■ **Data below**
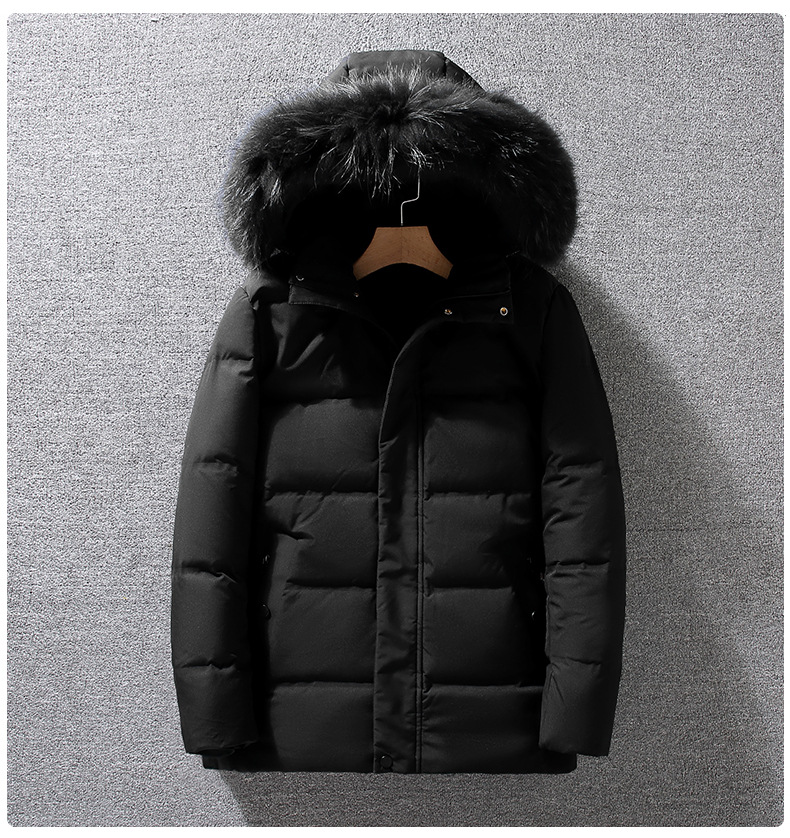 Herren-Winterdaunenjacke für reife Herren – 300 g 550 FP weißer Entenfedermantel, wasserdichter Slim Fit-Kurzparka (Schwarz/Grau/Marineblau, M-4XL)_voghion.com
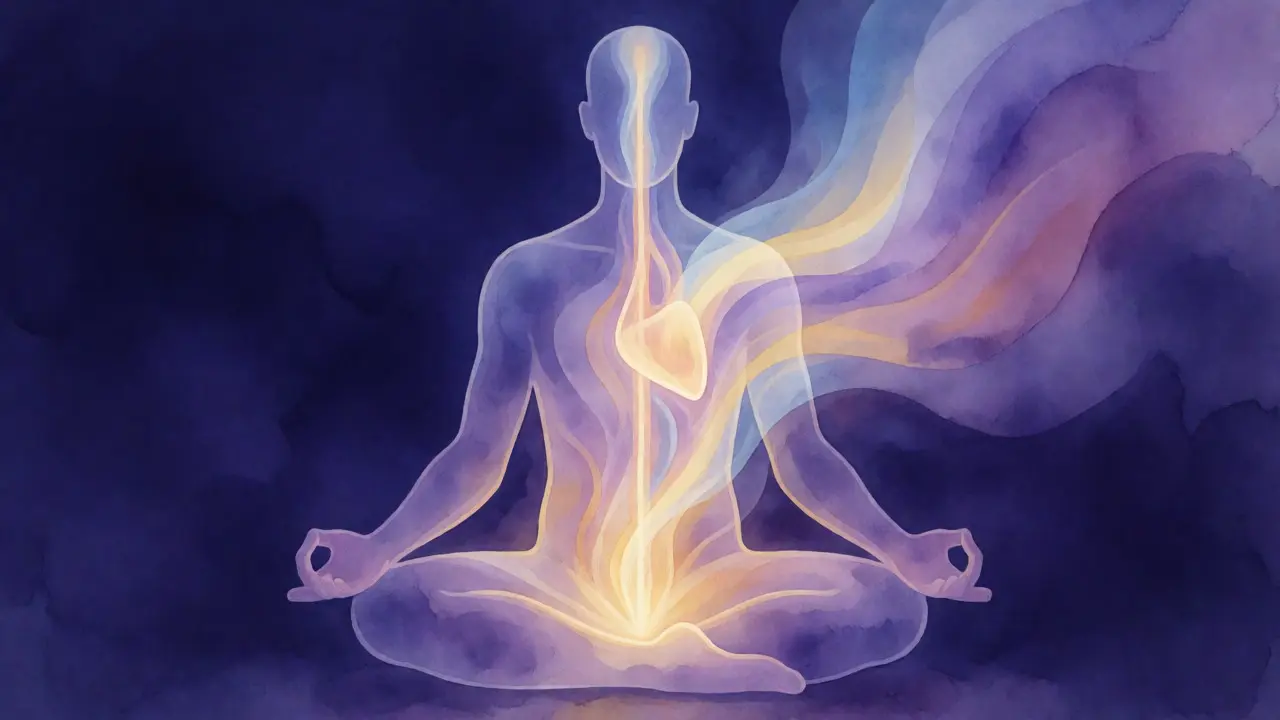 Konceptuální ilustrace toku energie tělem od pánve k srdci v meditativní pozici.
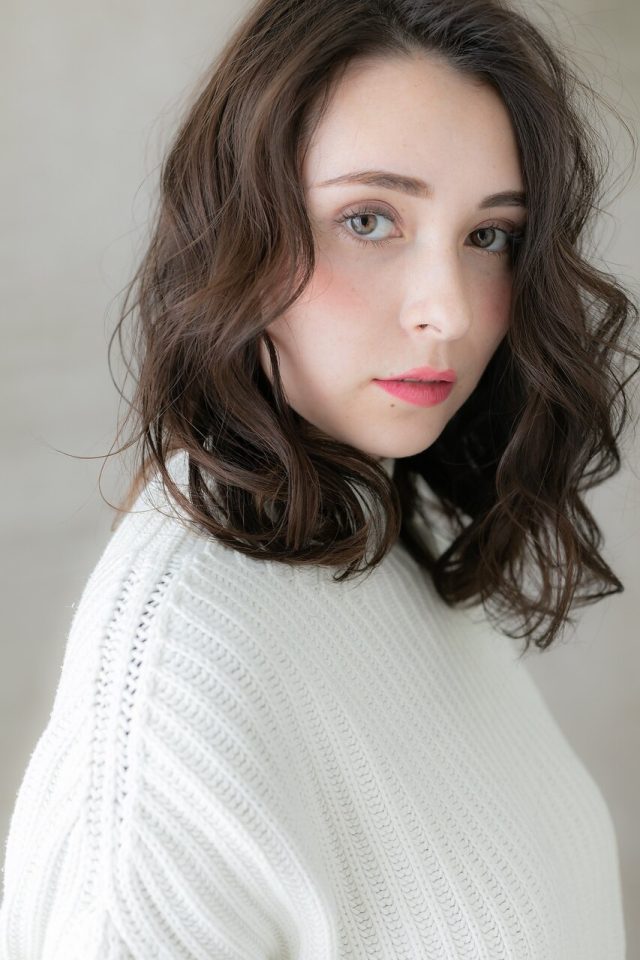 20代30代40代かきあげバング外国人風ゆるふわカール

■ **Task to complete**
Beginning with the line that contains "Konceptuální ilustrace toku", write out the remaining lines of the listing above through the last, exactly and only those, without pictures.

■ **Response to the task**
 Konceptuální ilustrace toku energie tělem od pánve k srdci v meditativní pozici.
 20代30代40代かきあげバング外国人風ゆるふわカール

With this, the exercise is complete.